An older adult is newly diagnosed with primary hypertension and has just been started on a beta-blocker. The nurses health education should include which of the following?
- A. Increasing fluids to avoid extracellular volume depletion from the diuretic effect of the beta-blocker
- B. Maintaining a diet high in dairy to increase protein necessary to prevent organ damage
- C. Use of strategies to prevent falls stemming from postural hypotension
- D. Limiting exercise to avoid injury that can be caused by increased intracranial pressure
Correct Answer: C
Rationale: Elderly people have impaired cardiovascular reflexes and are more sensitive to postural hypotension. The nurse teaches patients to change positions slowly when moving from lying or sitting positions to a standing position, and counsels elderly patients to use supportive devices as necessary to prevent falls that could result from dizziness. Lifestyle changes, such as regular physical activity/exercise, and a diet rich in fruits, vegetables, and low-fat dairy products, is strongly recommended. Increasing fluids in elderly patients may be contraindicated due to cardiovascular disease. Increased intracranial pressure is not a risk and activity should not normally be limited.

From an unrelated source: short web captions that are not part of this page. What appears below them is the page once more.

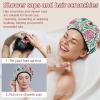 2 PCS Elastic Shower Cap Waterproof Reusable Hair Bath Cap for Women Ladies Girls, Grass and Flowers view 2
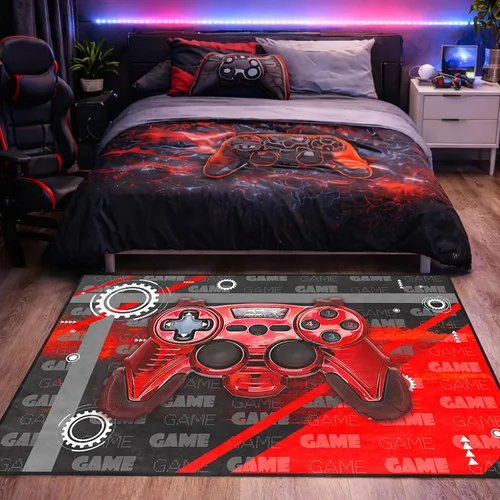 Vista 5 de Alfombra de suelo con estampado de videojuegos 3D para niños, alfombra pequeña roja para dormitorio, tapete de piso para habitación de niños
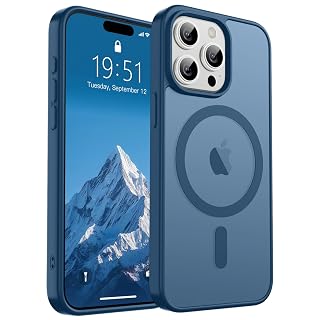SUPFINE Magnetic for iPhone 15 Pro Case (Compatible with MagSafe) (Military Grade Drop Protection) Slim Translucent Matte Shockproof with Anti-Fingerprint Phone Case,Deep Blue - Amazon product rated Grade A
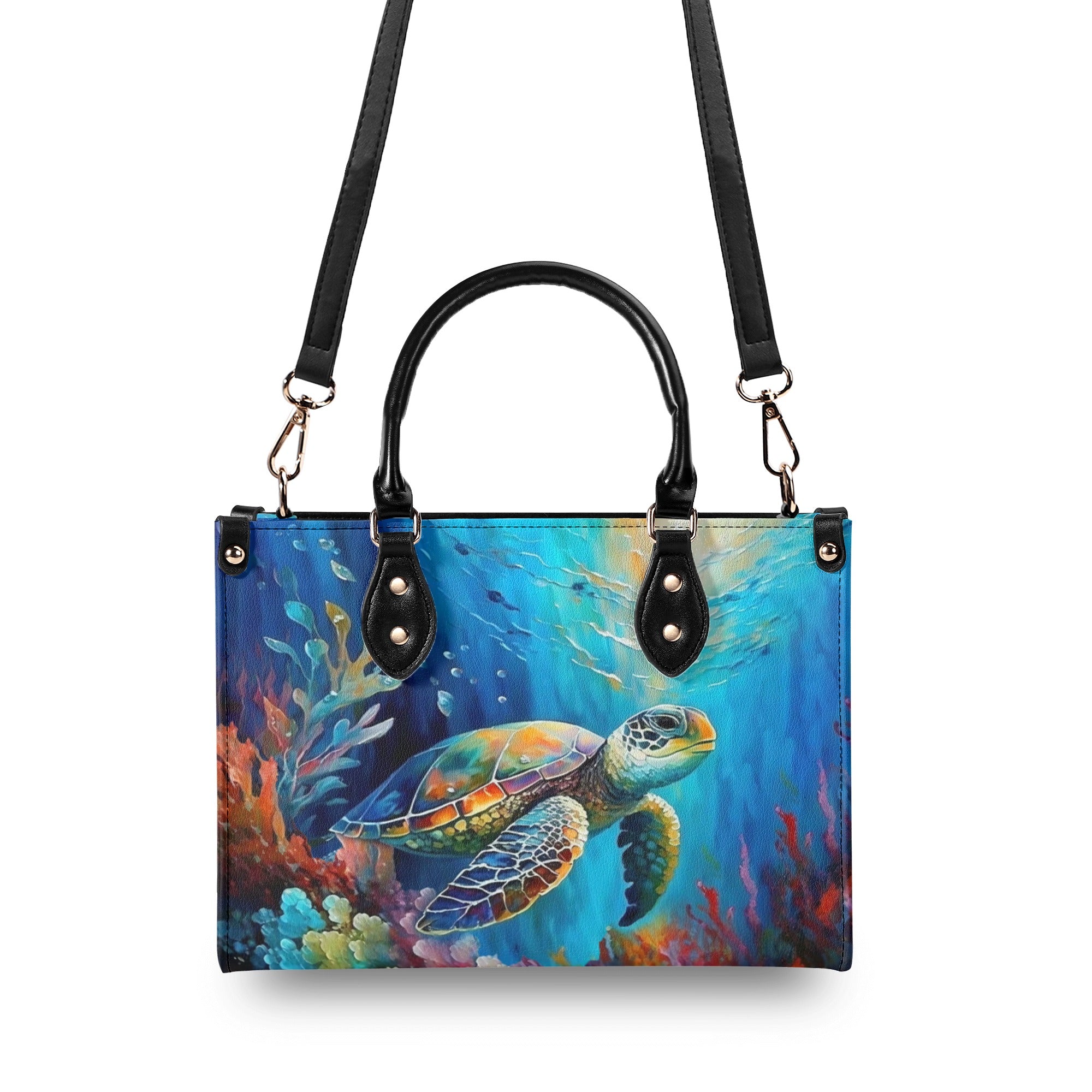 PAINTING OCEAN TURTLE  LEATHER HANDBAG - YHLT2811244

A patient with primary hypertension comes to the clinic complaining of a gradual onset of blurry vision and decreased visual acuity over the past several weeks. The nurse is aware that these symptoms could be indicative of what?
- A. Retinal blood vessel damage
- B. Glaucoma
- C. Cranial nerve damage
- D. Hypertensive emergency
Correct Answer: A
Rationale: Blurred vision, spots in front of the eyes, and diminished visual acuity can mean retinal blood vessel damage indicative of damage elsewhere in the vascular system as a result of hypertension. Glaucoma and cranial nerve damage do not normally cause these symptoms. A hypertensive emergency would have a more rapid onset.